* **Assignment**
Beginning with the line that has "Moderne Stallungen" and ending with the line that has "Grains Ukrainian Wheat", retype the entries below exactly, except for the pictures.

* **Input data**

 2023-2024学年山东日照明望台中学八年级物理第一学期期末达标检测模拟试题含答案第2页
...
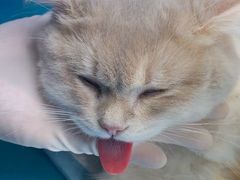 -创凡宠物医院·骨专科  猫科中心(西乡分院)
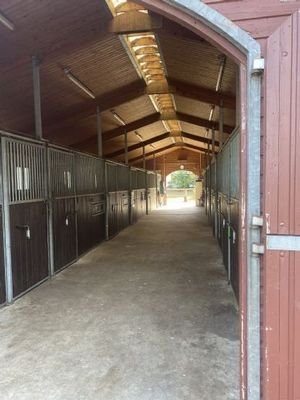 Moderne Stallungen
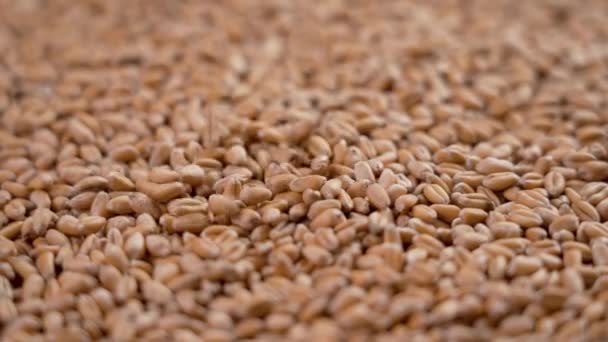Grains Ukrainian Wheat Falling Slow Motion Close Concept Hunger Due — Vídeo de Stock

* **Exercise output**
 Moderne Stallungen
Grains Ukrainian Wheat Falling Slow Motion Close Concept Hunger Due — Vídeo de Stock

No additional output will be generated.